Dual E5-2679v4 Workstation Build

Joined
Aug 2, 2016
Messages
25
Hey Forum readers,

Since people here seem to be more knowledgable about hardware than most enthusiast forums, as opposed to the typical slew of posts from 15 year olds too lazy to use a search function having difficulty overclocking unlocked CPUs on a "leet pr0 gaming" motherboards, I figured I'd ask this question here.

I'm currently trying to build a workstation whose primary purpose will be doing calculations and maybe some data analysis/machine learning in the future. The programs used generally scale pretty well out to 48 threads or so, but benefits a lot from higher clock speed. As a reference, the current system is a dual X5660 setup on an EVGA SR-2 @ 4.21GHz with 80GB of RAM (setup with much help from the guides on this forum). Unfortunately, this is now too slow for my needs, and time on this machine is now also split with other computing needs as well.

Most potential replacements out there don't seem to offer enough improved performance to justify the cost, such as the 2687w v4, and most of the newer Xeons seem to offer many cores but low clockspeed. The 6950x is exorbitantly priced for what it offers (only 10 cores and RAM limitations), and if reports of degradation turn out to be common, not feasible for long term use. I've even considered getting a used sandy bridge-ep setup for cheap as a stopgap to at least give me some dedicated computing power.

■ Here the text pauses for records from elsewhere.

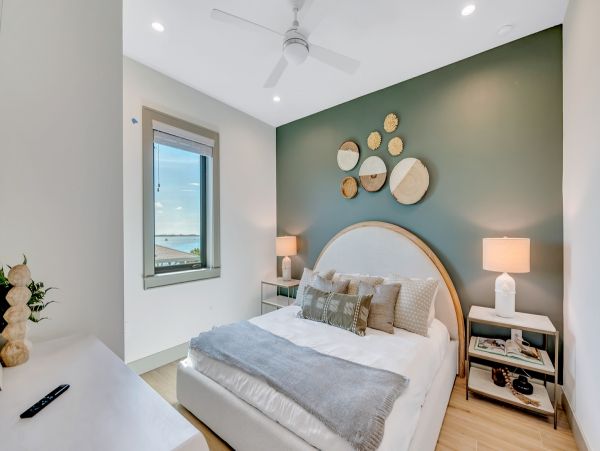 Nine Bedroom Luxury Vacation Villa in Bradenton Beach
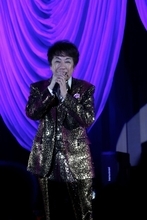 浜 博也、熟練の歌声で魅了！クリスマスディナーショーを開催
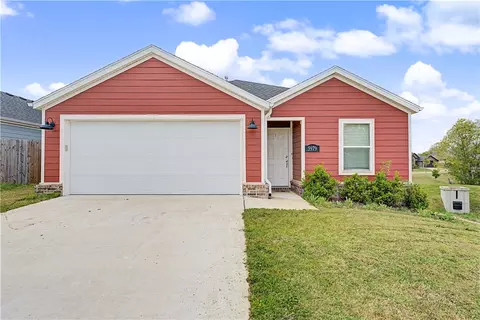 5979 W Holdcroft Dr, Fayetteville, AR 72704
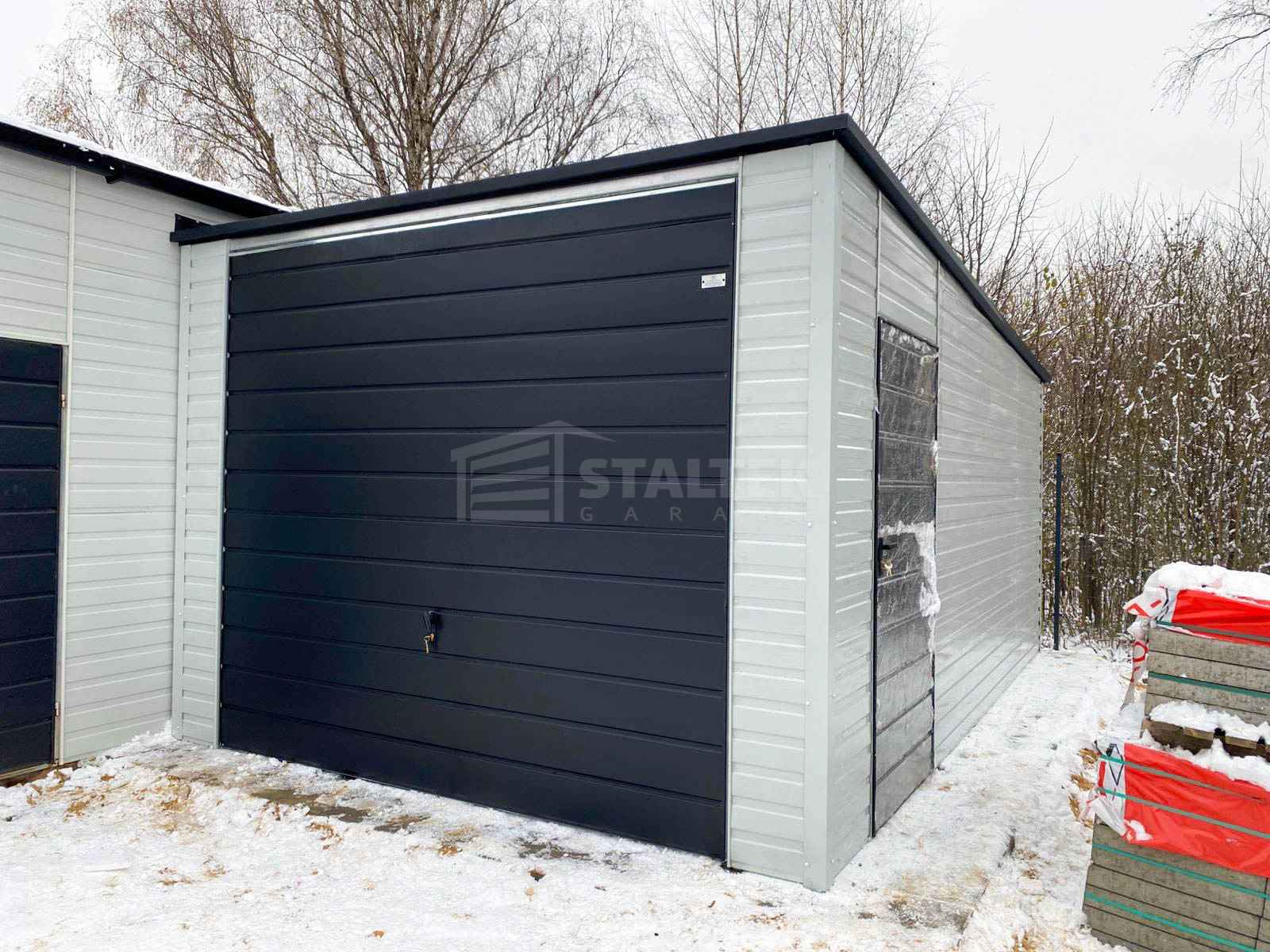 Garaż blaszany 3,5X5m –  brama – drzwi - biały - spad w tył ST228 Białystok - zdjęcie 2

As a long term replacement, I've been thinking about getting the Xeon E5-2679v4 in a dual setup on a workstation board like the supermicro X10DAX or the asus Z10PE-D16 WS. I'd like to use at least 256 GB of ram and have the PCI-E slots for potential compute acceleration in the future. SSD interfaces are not as important - SATA SSD will be used as the scratch directory and a regular HD used for storage. The E5-2679v4 has 20 cores and 3.3 GHz all core boost, which would be ideal for my uses. It also can be found for reasonable prices (albeit not new), as low as $1800. Unfortunately doesn't seem to be all that common (not sold at retail, seems to be designed for eBay custom use), so I haven't found any reports of it used in a dual socket configuration, although there are some people using it in X99 enthusiast boards. I am worried a little about the 200w TDP, although more from the power delivery standpoint (especially since enthusiast boards are usually designed for greater power consumption than design, while the workstation boards may not be) since heat can be ameliorated with water cooling or a good air cooler. Does anyone here have experience with this chip, particularly in a dual cpu setup? If not, do you have any other recommendations for processors?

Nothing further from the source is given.